▶ **Activity**:
Transcribe the listing exactly, leaving out every picture.

▶ **Data excerpt**:
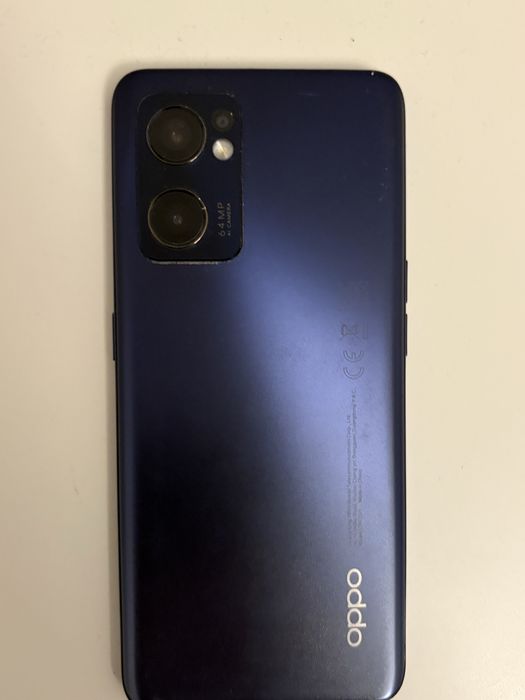 OPPO RENO 7 5G w bardzo dobrym stanie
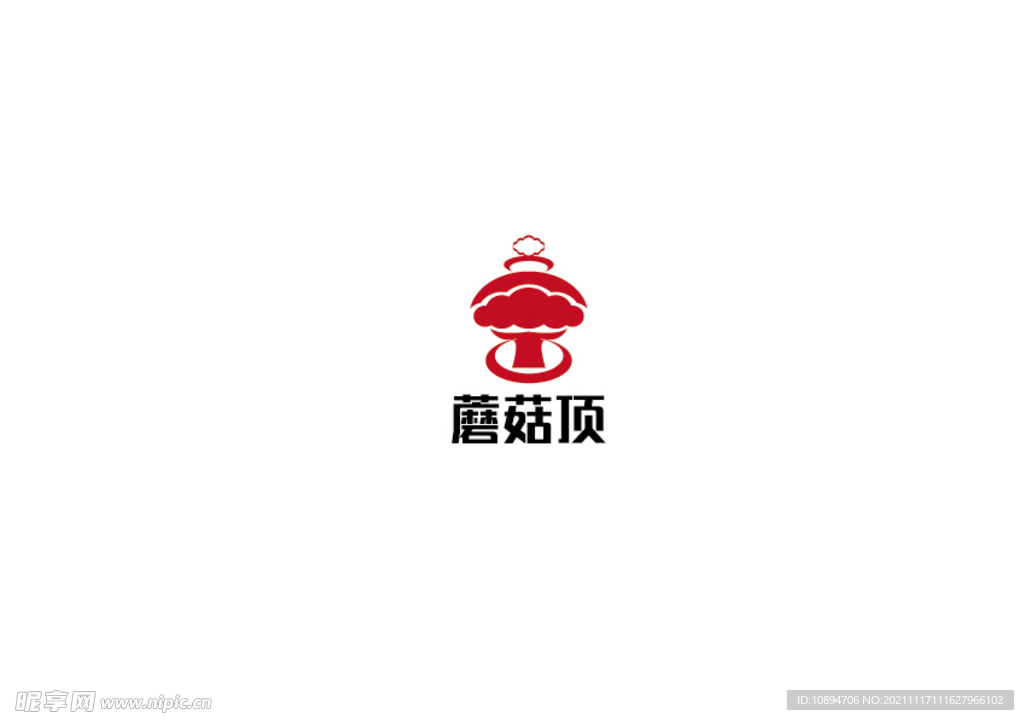 科技标识设计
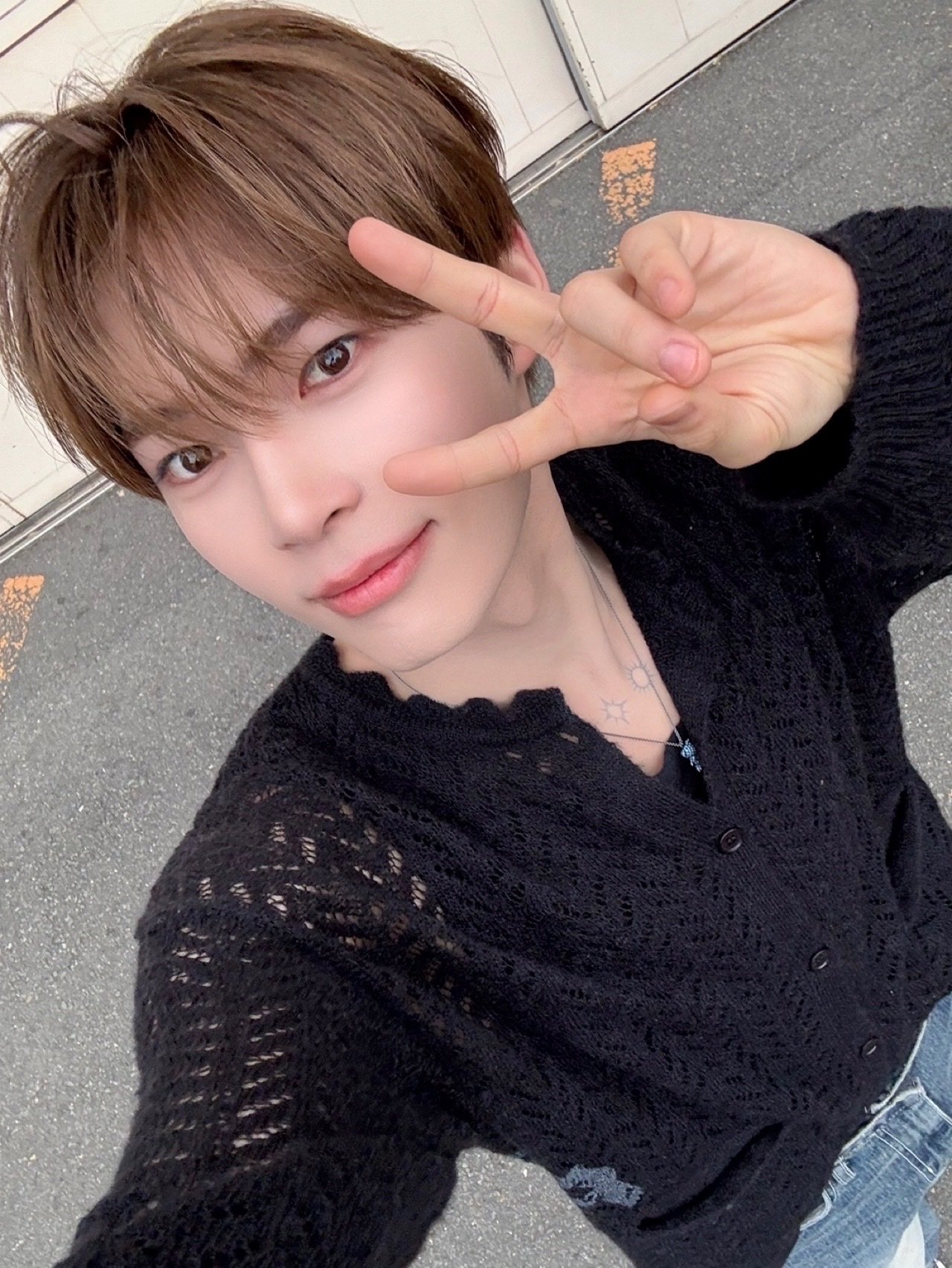 [잡담] 오늘의 성한빈이래 | 인스티즈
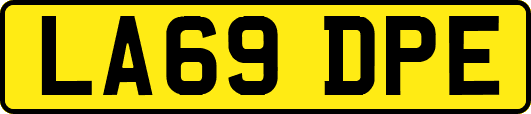LA69DPE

▶ **Solution**:
 OPPO RENO 7 5G w bardzo dobrym stanie
 科技标识设计
 [잡담] 오늘의 성한빈이래 | 인스티즈
LA69DPE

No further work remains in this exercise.